Culture - Film/TV - Humour - Weekly Features

Franklin is the Big Salad

Catherine Rossi


I felt a surge of pride as I gazed down at Franklin. Why shouldn’t I? I had found the dog, after all. I was the one.

I was the one who’d noticed him standing in the middle of the road with his leash hanging limply at his side. I was the one who’d put his sudden appearance together in my mind with the frantic lady we’d cycled past a few minutes ago. I was the one who’d told Mike to stay with the dog and follow him if he moves, while I turned back. I was the one who’d biked up and down side streets shouting “Lost Dog Lady” until I spotted her.

I was the one. Not the buttinski lady who now held Franklin’s leash.

I bristled.

That was when it dawned on me that I was George Costanza. I was exactly like George when he bought a big salad for Elaine then became irate when Elaine thanked someone else.

I was George Costanza. And Franklin was the big salad.

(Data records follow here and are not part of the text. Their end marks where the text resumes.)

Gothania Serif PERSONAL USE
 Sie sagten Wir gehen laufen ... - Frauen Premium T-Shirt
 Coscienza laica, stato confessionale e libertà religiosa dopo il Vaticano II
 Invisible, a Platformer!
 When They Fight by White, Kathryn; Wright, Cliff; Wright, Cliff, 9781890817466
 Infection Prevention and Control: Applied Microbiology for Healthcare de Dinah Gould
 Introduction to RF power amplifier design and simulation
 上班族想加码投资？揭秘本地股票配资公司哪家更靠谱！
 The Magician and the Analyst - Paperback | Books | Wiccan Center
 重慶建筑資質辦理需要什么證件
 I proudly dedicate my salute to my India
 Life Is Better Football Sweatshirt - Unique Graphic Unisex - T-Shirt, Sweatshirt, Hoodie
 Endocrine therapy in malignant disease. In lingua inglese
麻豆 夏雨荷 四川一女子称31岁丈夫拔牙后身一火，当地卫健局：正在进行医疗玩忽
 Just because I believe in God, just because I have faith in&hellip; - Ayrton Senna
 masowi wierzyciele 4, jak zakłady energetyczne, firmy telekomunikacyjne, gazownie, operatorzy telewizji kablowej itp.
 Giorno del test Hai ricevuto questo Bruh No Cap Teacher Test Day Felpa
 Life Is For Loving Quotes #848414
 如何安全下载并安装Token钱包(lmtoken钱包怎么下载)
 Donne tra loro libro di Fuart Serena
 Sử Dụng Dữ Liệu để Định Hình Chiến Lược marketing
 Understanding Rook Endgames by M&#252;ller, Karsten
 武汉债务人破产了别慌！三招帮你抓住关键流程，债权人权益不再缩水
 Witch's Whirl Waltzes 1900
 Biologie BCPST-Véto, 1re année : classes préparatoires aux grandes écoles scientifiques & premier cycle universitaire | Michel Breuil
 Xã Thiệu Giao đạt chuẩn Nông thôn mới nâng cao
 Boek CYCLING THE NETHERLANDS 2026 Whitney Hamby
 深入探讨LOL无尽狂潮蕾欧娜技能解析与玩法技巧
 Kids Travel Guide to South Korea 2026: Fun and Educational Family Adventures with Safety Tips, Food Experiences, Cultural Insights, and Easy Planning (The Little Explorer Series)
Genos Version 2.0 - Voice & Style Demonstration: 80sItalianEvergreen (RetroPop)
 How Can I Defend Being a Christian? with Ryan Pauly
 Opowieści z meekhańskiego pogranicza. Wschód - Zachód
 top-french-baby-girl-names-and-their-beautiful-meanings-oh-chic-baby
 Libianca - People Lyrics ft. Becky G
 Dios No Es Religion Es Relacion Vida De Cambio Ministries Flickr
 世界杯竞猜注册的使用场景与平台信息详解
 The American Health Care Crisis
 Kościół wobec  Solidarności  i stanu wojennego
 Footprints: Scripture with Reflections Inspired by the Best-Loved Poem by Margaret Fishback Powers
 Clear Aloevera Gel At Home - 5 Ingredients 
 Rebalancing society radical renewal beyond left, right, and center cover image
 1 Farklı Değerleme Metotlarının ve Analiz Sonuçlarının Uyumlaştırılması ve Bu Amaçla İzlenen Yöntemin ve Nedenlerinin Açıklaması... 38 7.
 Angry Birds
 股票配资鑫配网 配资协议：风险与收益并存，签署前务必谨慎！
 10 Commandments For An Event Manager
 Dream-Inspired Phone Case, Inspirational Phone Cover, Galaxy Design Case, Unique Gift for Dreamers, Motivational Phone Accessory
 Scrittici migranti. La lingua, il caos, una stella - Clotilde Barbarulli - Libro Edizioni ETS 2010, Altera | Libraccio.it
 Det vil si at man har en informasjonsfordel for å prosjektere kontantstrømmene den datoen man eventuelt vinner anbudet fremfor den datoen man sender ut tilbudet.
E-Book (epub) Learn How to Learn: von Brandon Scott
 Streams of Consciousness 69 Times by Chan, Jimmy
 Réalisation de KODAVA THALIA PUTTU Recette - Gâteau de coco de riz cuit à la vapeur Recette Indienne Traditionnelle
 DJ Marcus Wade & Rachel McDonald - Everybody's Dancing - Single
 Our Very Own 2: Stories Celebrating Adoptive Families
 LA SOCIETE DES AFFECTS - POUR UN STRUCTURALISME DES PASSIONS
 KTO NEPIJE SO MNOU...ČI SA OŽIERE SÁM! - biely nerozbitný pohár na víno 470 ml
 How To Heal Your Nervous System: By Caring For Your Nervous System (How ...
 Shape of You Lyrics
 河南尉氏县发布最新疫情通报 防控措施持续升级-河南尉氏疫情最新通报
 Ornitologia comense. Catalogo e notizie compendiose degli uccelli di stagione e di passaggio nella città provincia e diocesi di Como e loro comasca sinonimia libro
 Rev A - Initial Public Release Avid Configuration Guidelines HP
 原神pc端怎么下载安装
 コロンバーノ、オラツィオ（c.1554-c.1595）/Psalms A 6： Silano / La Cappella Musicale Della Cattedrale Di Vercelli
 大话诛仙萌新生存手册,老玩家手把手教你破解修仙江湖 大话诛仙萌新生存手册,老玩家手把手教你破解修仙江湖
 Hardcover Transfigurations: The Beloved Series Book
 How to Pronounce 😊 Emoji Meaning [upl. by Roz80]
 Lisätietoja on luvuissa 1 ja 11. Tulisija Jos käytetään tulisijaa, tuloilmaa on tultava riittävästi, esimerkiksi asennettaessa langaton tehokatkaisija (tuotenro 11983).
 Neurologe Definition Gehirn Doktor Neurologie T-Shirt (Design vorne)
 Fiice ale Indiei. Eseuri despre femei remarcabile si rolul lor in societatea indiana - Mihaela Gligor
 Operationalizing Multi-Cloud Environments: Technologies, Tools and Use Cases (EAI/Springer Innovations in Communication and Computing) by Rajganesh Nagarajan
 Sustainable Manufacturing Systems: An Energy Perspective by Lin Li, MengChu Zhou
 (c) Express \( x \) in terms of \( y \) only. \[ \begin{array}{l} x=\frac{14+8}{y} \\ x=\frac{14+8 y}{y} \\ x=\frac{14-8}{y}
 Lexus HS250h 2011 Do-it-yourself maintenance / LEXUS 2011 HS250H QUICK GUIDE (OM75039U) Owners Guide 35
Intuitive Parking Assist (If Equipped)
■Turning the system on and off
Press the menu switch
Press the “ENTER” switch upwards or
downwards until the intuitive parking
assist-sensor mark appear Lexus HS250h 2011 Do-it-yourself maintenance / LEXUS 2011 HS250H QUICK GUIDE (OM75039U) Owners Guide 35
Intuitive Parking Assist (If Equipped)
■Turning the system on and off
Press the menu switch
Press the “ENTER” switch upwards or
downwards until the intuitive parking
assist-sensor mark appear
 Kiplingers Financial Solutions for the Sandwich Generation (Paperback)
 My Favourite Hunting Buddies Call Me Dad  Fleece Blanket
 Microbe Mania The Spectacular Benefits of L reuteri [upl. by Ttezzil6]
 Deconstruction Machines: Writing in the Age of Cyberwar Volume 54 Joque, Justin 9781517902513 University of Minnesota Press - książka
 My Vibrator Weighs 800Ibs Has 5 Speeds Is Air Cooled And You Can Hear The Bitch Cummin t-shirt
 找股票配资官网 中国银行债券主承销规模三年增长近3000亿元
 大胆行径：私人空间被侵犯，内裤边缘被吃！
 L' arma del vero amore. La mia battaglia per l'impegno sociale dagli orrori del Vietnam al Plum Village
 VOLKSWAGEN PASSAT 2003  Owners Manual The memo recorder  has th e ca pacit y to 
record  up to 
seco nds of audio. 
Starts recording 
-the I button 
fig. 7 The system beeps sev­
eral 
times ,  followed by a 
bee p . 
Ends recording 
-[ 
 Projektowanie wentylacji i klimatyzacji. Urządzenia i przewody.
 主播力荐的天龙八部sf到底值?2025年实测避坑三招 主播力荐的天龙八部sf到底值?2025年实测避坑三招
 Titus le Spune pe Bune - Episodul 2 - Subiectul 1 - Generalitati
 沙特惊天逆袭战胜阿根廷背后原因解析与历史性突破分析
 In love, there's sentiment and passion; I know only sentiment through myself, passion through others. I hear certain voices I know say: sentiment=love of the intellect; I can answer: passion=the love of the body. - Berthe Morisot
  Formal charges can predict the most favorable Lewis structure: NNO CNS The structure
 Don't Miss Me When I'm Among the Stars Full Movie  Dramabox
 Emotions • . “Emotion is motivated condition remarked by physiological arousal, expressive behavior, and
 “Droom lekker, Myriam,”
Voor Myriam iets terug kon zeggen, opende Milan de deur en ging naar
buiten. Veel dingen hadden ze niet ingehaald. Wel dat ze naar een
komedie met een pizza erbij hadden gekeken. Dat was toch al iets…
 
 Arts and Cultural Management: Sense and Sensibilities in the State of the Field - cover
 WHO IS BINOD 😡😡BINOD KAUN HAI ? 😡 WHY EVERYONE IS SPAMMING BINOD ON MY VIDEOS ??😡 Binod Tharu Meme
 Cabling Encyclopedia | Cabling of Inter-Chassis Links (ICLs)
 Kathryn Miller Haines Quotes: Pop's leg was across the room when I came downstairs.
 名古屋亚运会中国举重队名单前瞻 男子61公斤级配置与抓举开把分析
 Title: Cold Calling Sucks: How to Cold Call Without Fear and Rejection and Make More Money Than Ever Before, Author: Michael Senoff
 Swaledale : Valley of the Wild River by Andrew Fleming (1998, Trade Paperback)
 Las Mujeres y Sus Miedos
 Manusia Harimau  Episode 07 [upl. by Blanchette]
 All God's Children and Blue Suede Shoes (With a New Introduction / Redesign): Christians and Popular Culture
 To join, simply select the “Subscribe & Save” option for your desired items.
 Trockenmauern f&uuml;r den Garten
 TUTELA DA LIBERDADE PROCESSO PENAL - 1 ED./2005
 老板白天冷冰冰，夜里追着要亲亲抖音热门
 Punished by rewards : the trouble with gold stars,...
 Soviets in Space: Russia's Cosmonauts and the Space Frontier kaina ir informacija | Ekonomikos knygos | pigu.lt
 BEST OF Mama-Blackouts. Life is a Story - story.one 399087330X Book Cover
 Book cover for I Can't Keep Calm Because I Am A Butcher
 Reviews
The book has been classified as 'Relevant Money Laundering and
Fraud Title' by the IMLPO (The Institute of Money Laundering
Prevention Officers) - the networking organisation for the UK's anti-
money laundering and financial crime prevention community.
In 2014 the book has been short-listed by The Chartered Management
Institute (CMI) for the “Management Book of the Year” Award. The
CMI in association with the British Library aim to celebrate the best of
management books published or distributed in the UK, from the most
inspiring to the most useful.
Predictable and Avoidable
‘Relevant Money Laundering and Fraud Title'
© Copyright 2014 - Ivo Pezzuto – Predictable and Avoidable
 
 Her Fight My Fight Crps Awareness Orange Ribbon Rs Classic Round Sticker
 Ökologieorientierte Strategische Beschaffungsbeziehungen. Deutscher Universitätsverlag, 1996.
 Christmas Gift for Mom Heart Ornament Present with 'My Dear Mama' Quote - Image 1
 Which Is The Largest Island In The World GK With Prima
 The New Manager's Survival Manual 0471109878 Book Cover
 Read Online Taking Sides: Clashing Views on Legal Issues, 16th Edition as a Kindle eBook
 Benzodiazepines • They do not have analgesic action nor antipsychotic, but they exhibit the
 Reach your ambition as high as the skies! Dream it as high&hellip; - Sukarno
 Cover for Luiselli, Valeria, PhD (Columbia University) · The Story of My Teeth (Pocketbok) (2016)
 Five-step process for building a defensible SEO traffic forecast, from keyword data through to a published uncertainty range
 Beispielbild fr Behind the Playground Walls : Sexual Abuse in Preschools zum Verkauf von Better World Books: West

Years ago, I’d grown up watching Seinfeld, gleaning more about life from the show than I did from my first adult job. The gang taught me about friendship and apartment living, cluing me in on how to be a young single making my way in the world. Every week, I sat with other newly minted college grads over our 30-minute lunch break to analyze the latest episode, dissecting and deconstructing every scene and phrase.

Without a doubt, Jerry was our favorite. We envied his fully furnished apartment, his ability to always have a date. We craved his perpetual casual Friday attire as we sat in our white shirts and power ties or our wool skirts with matching jackets. Not yet in our mid-20s, we already coveted his non-traditional job while we put in our 8-to-5 plus mandatory overtime.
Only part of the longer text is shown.